Quando Italo Calvino desembarcou na ilha de Manhattan em 9 de novembro de 1959, aos 36 anos, levava na mala a sua trilogia de novelas fantásticas "Os Nossos Antepassados" (Companhia das Letras), um volume de fábulas italianas reescritas por ele no início dos anos 50 e uma idéia mais ou menos abstrata da América. Escrito ao longo dos cinco meses que passou nos EUA, este diário, de que o Mais! apresenta uma seleção, registra o confronto entre esses dois mundos: o imaginado a distância, desde a "Velha Europa", e o vivido nas ruas de Nova York, Chicago, San Francisco, Los Angeles, Las Vegas e algumas cidades do Sul profundo. A temporada tinha sido patrocinada pela Fundação Ford, num programa para "young creative writers" da Europa. Entre os jovens bolsistas estavam, além de Calvino, Fernando Arrabal, Claude Ollier, Alfred Tomlinson e Hugo Claus. Gunther Grass, que havia feito um tremendo sucesso dois anos antes com o romance "O Tambor", não pôde ir porque não conseguiu o visto para entrar nos EUA: embora sua cabeça estivesse em perfeito estado, seus pulmões não foram considerados dignos do ar da América. Os sentimentos contraditórios do escritor italiano em relação aos EUA e a tudo o que o país representava -a superpotência econômica e militar, epicentro da cultura moderna, da luta pelos direitos civis, a terra do consumo e do desperdício etc.-são imediatamente cristalizados numa imagem quase emblemática, assim que o transatlântico em que ele viajava se aproxima da ilha: "O tédio da viagem foi largamente compensado pela emoção da chegada a Nova York, a mais espetacular visão que se possa ter nesta terra.
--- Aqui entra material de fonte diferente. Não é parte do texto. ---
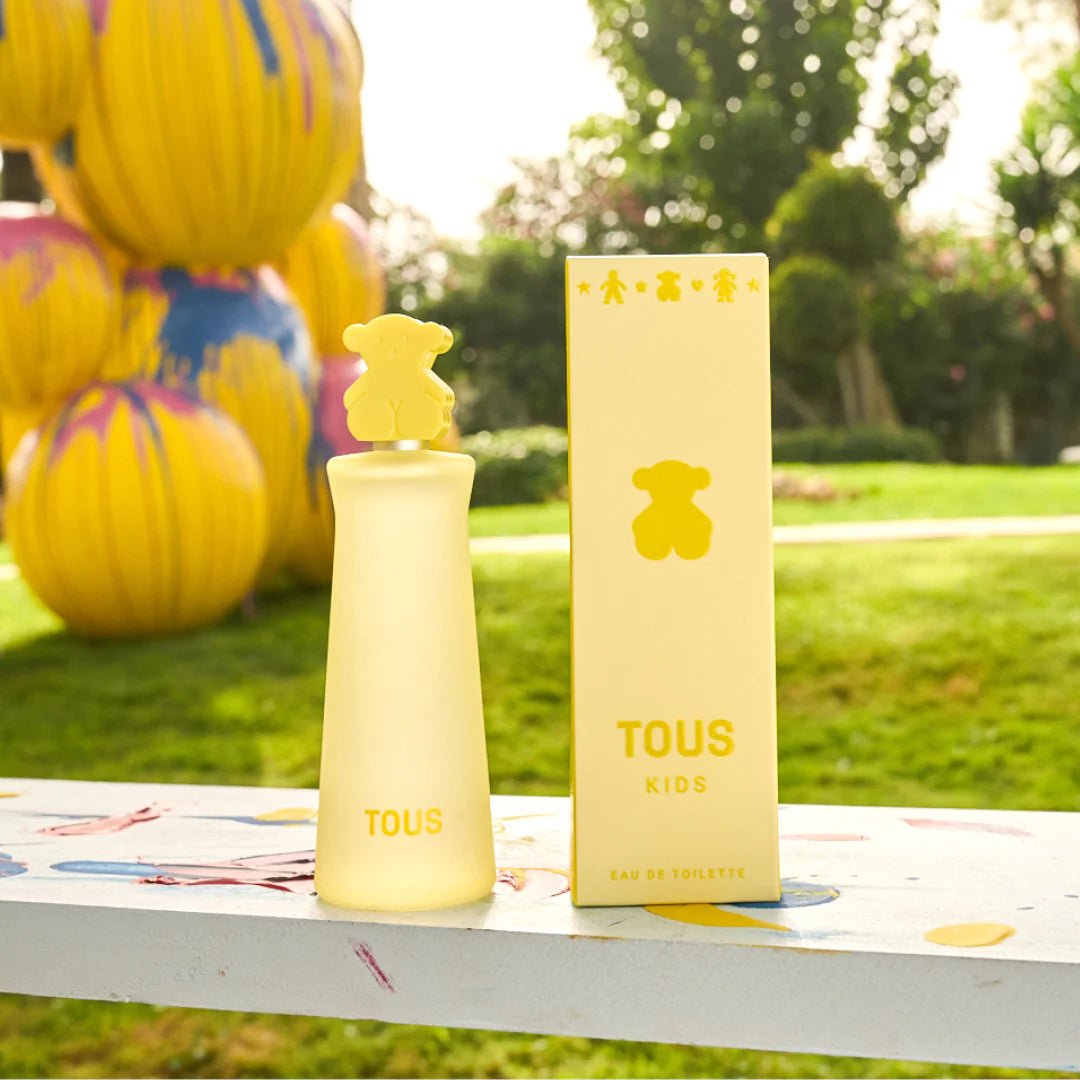 Tous Kids Bear EDT | My Perfume Shop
Os arranha-céus despontam cinzentos no céu semiclaro e parecem enormes ruínas de uma monstruosa Nova York abandonada daqui a 3.000 anos".

Força e ruína
A idéia de força e de ruína materializada nos arranha-céus, vistos numa perspectiva de 3.000 anos, será o fio condutor das observações de Calvino sobre os EUA. Por um lado, um franco encantamento por um país "jovem" e vigoroso, de longa tradição democrática; por outro, a convicção socialista -Calvino foi filiado ao Partido Comunista italiano até 1956, mas nunca deixou de ser um intelectual "de esquerda"- de que aquele modelo de sociedade estava condenado ao fracasso. Numa linguagem rápida e coloquial, o ficcionista vai incorporando ao seu discurso a mirada do etnólogo que se depara com uma outra civilização. E também a do historiador, do sociólogo, do psicólogo, do satirista, formando ao final um painel enciclopédico, aberto e provisório -sempre uma das aspirações do autor das "Seis Propostas para o Próximo Milênio".
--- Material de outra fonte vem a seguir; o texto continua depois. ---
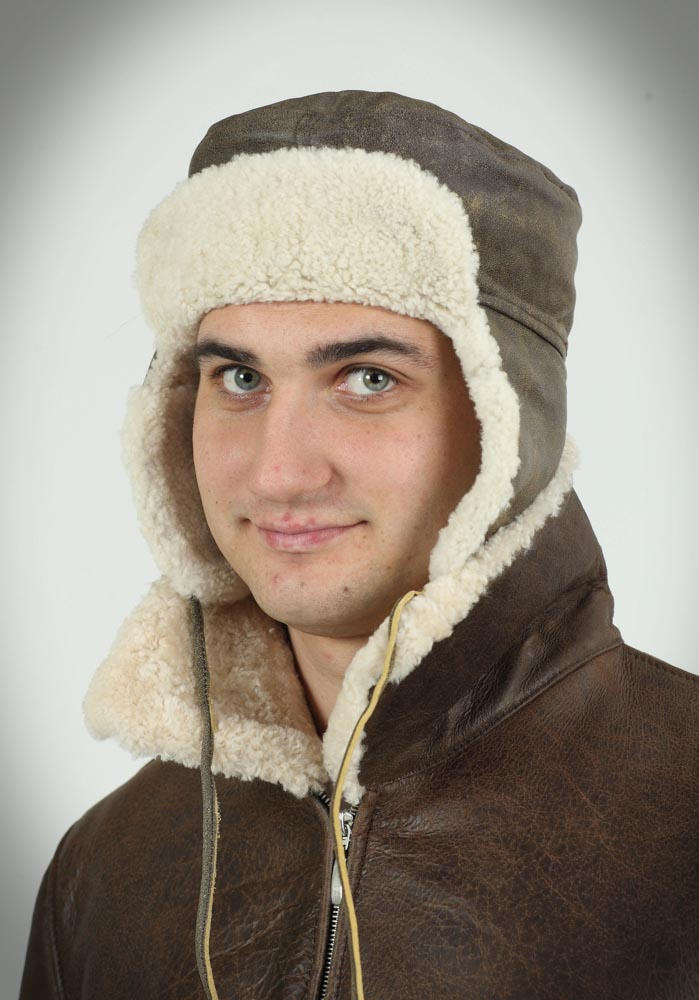 Lederhüte
14K  004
Depois de dois meses em Manhattan visitando editoras, dando palestras em universidades, frequentando festas beatniks no Greenwich Village ou simplesmente passeando a cavalo no Central Park, Calvino segue viagem. Aí, ele descobre um outro mundo, muito diferente do cosmopolitismo nova-iorquino.
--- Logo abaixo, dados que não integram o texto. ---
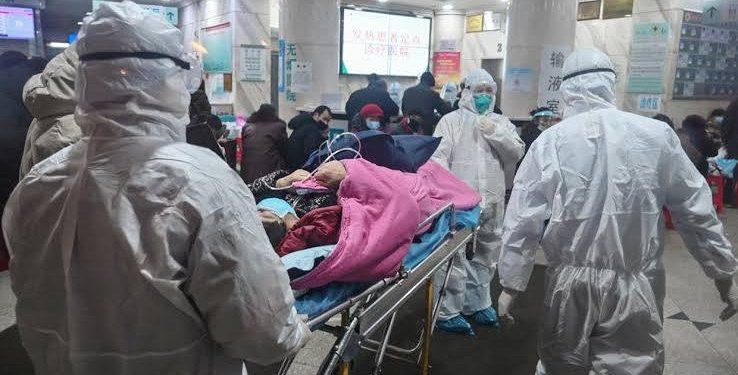 ارتفاع عدد اصابات كورونا في سوهاج لـ 33 حالة حتى اليوم 1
Na abertura da palestra que o escritor -na época, diretor da Einaudi, uma das principais editoras italianas- fez em várias cidades americanas, intitulada "Três Correntes do Romance Italiano de Hoje" (no volume de ensaios "Una Pietra Sopra", inédito no Brasil), ele diz: "Em cada passo que dou ao penetrar neste país tão distante do nosso, aprofundando-me no confronto cotidiano com uma outra civilização, buscando pontos de contato entre nós e vocês, encontro algo que altera a minha análise: um aspecto que me parecia essencial se revela secundário, um dado que eu subestimava se torna a chave para interpretar todo o resto".
Essa atenção ao detalhe periférico, aliada à capacidade de transformar a própria visão a partir do contato com outras realidades, é a pedra de toque deste diário e, talvez, de toda a literatura de Calvino.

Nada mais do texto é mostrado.